══ Exercise input ══
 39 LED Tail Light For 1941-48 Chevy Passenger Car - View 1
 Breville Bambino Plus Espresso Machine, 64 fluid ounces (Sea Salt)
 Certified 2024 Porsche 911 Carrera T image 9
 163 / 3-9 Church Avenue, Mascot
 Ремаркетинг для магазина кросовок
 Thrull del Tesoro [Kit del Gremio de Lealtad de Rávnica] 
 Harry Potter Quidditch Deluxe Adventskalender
═══
══ Exercise input ══
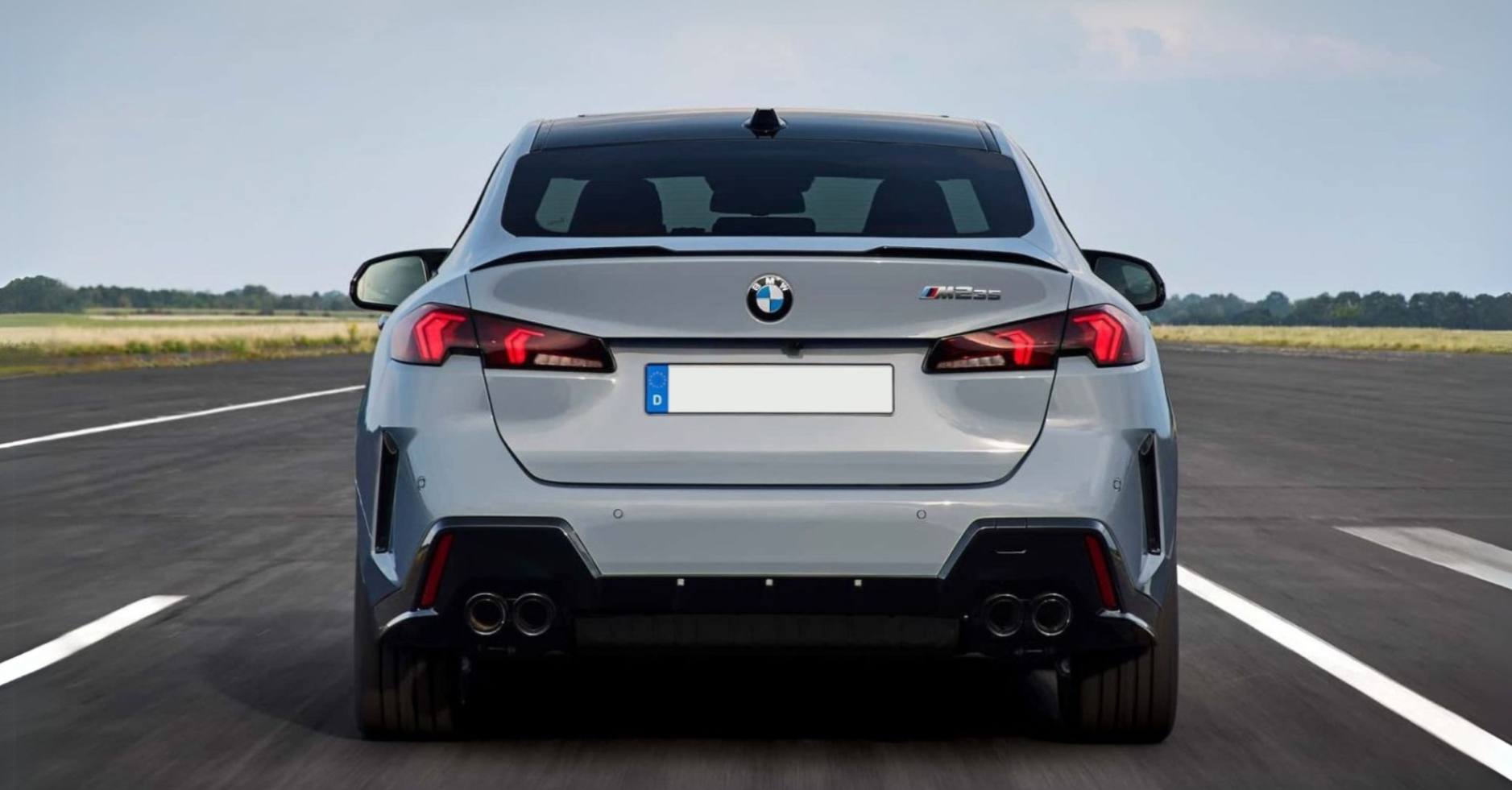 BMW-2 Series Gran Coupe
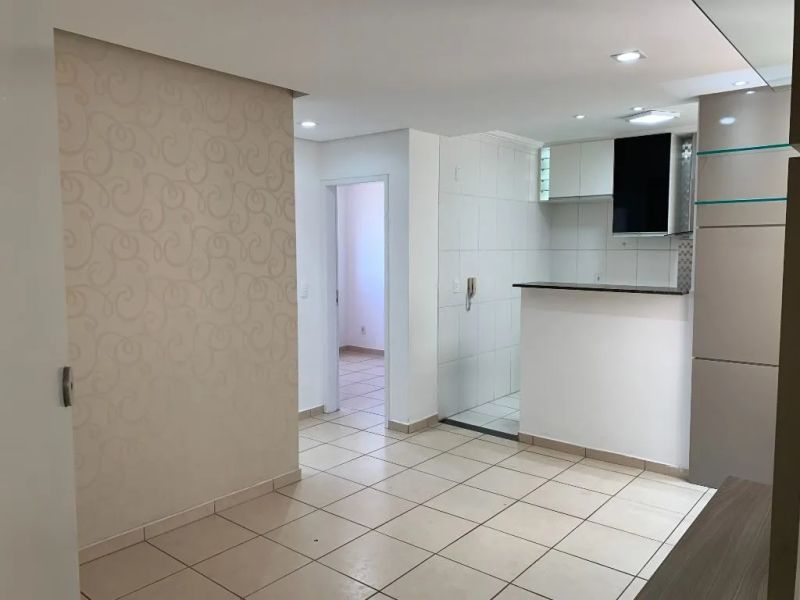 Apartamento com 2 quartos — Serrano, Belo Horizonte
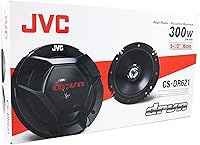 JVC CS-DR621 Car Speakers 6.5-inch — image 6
═══
From the records above, print exactly the lines that run from the line with "39 LED Tail" to the line with "Harry Potter Quidditch", inclusive.

Answer to this exercise:
 39 LED Tail Light For 1941-48 Chevy Passenger Car - View 1
 Breville Bambino Plus Espresso Machine, 64 fluid ounces (Sea Salt)
 Certified 2024 Porsche 911 Carrera T image 9
 163 / 3-9 Church Avenue, Mascot
 Ремаркетинг для магазина кросовок
 Thrull del Tesoro [Kit del Gremio de Lealtad de Rávnica] 
 Harry Potter Quidditch Deluxe Adventskalender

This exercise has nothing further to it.